This content is from: Home

No Man's Proxy

Hedge fund maverick Christopher Hohn's fight for CSX board seats

On May 22, in a packed, hushed courtroom in Manhattan, British hedge fund maverick Christopher Hohn made a rare public appearance. The intensely private 41-year-old founder and managing partner of The Children’s Investment Fund Management (UK), a London-based hedge fund firm with more than $15 billion under management, was being grilled by lawyers for CSX Corp., which is suing TCI and a fellow shareholder, New York–based hedge fund 3G Capital Partners. The firms have nominated five directors for election to CSX’s 12-member board at the June 25 annual general meeting, and the U.S. railway and ports company is fighting back.

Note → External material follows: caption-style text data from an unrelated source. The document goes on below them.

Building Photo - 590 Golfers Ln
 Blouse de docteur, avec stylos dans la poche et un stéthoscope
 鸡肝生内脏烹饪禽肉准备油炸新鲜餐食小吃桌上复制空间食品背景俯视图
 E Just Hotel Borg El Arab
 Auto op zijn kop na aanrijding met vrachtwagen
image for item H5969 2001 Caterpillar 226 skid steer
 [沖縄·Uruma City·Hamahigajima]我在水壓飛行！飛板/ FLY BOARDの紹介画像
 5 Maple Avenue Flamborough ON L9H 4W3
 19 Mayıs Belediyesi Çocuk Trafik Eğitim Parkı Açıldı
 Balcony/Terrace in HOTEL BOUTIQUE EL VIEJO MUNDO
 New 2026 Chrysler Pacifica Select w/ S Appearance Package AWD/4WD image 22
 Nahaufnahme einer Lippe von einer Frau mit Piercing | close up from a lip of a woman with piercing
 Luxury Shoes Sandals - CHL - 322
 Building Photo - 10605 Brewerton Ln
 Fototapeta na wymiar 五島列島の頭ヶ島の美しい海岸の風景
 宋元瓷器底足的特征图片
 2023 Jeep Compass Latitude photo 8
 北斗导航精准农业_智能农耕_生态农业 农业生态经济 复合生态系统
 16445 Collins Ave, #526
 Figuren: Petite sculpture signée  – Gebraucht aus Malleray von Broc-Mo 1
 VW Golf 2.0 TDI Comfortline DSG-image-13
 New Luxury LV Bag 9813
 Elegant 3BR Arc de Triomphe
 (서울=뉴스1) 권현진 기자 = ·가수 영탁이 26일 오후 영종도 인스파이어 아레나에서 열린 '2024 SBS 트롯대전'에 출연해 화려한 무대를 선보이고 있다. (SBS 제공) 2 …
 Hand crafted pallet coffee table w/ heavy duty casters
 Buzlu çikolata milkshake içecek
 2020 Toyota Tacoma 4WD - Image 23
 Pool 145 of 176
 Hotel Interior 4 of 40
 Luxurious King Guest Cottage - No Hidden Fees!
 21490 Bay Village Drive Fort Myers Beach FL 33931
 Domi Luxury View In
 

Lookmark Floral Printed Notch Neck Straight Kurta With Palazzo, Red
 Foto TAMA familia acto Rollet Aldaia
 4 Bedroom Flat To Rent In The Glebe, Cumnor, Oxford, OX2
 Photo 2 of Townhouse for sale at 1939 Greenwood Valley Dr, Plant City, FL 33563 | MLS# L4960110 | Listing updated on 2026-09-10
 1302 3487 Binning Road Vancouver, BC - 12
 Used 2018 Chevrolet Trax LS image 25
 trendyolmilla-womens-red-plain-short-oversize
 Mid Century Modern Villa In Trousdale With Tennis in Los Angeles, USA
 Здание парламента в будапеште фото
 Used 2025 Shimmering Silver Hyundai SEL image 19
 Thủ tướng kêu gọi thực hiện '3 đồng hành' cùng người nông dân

For more than an hour, Hohn, a boyish-looking graduate of Harvard Business School, parried questions as the legal team tried to prove CSX’s allegations that TCI and 3G violated securities regulations by using swaps and swap arrangements to build up a stake in the company in excess of 5 percent while avoiding outright stock purchases, thereby evading Securities and Exchange Commission reporting requirements. CSX also charges that TCI and 3G had covertly pursued a common investment strategy in CSX — which requires disclosure as well — before they announced on December 19 that they had formed an investment group. CSX, which filed the suit on March 17, wants the court to order corrective disclosure from TCI and 3G and prevent them from voting their shares.

“We regret that the company has made this into an apparent contest,” Hohn tells Institutional Investor. “We are merely seeking to exercise our right to seek board membership by a democratic shareholder vote.” A ruling is expected in mid-June.

A CSX win would hobble Hohn’s plans and deal TCI a rare defeat. Since launching the firm’s flagship fund in January 2004, Hohn has gained a reputation as an intrepid shareholder activist, rising to prominence in 2005 by opposing Deutsche Börse’s bid for the London Stock Exchange and spurring the breakup and sale of giant Dutch bank ABN Amro in 2007. This spring TCI has been grabbing headlines for pressuring the Japanese government to allow it to double its 9.9 percent stake in Electric Power Development Co. (J-Power), one of Japan’s largest energy producers. In April, Japan’s Trade and Finance ministries blocked TCI’s request, citing national security concerns, but J-Power has since said publicly it may consider appointing outside directors in 2009.

The lawsuit is the latest salvo in a proxy battle between CSX and TCI that has been raging for eight months. TCI and 3G denied the allegations in a counterclaim filed last month, asserting that the rail company had sought to prevent shareholders “from even considering proposals that would strengthen CSX’s corporate governance.” At its core, the dispute is over who will shape the company’s future. TCI, which employs a deep-value, fundamental approach, has challenged CSX to separate the roles of chairman and CEO, nominate more directors with transportation experience and boost earnings by releveraging the balance sheet to buy back more shares.

CSX says that’s shortsighted, but in an interview with II, chairman and CEO Michael Ward was at pains to defend the railway’s strategic plans. “We have said publicly that we are going to increase our dividend, do share buybacks and invest for the future,” he says. “We were doing that before TCI arrived, and we are going to continue to do that. But TCI has not made that happen.”

Neither side disputes CSX’s financial health. The company appears poised to deliver greater profitability in the months ahead, given the price of oil, which is making the transportation of goods by rail much cheaper than trucking. CSX says its shareholders — including TCI and 3G, which together own 8.7 percent of the stock and have an additional 12.3 percent of exposure through swap arrangements — can look forward to 18 to 21 percent compound annual growth in earnings per share, the target for 2008 to 2010. CSX’s share price soared 57.8 percent, to $69, in the first five months of 2008.

TCI says its nominees will vote independently and points out that, with the notable exception of Hohn, they all have considerable experience as transportation executives. In addition to 3G’s managing director, Alexandre Behring, former CEO of América Latina Logística, Latin America’s largest independent railroad operator, they include a former chairman of the Illinois Central Railroad, the managing director of the London Underground and the former chairman of Northwest Airlines. “CSX wants to paint the picture that this will be a board at war if our slate of directors gets approved,” Hohn says. “But these are very serious, thoughtful people.”

CSX just received a blow. In a June 4 letter, SEC official Brian Breheny wrote that he did not believe the swap transactions TCI executed with bank counterparties made the hedge fund firm the beneficial owner — with voting powers — of those shares. Even if CSX wins, the ultimate power to decide the company’s future lies not with the court but with the largest shareholders — including Deutsche Bank, Citigroup, Barclays Global Investors and State Street Corp. The vote still belongs to them.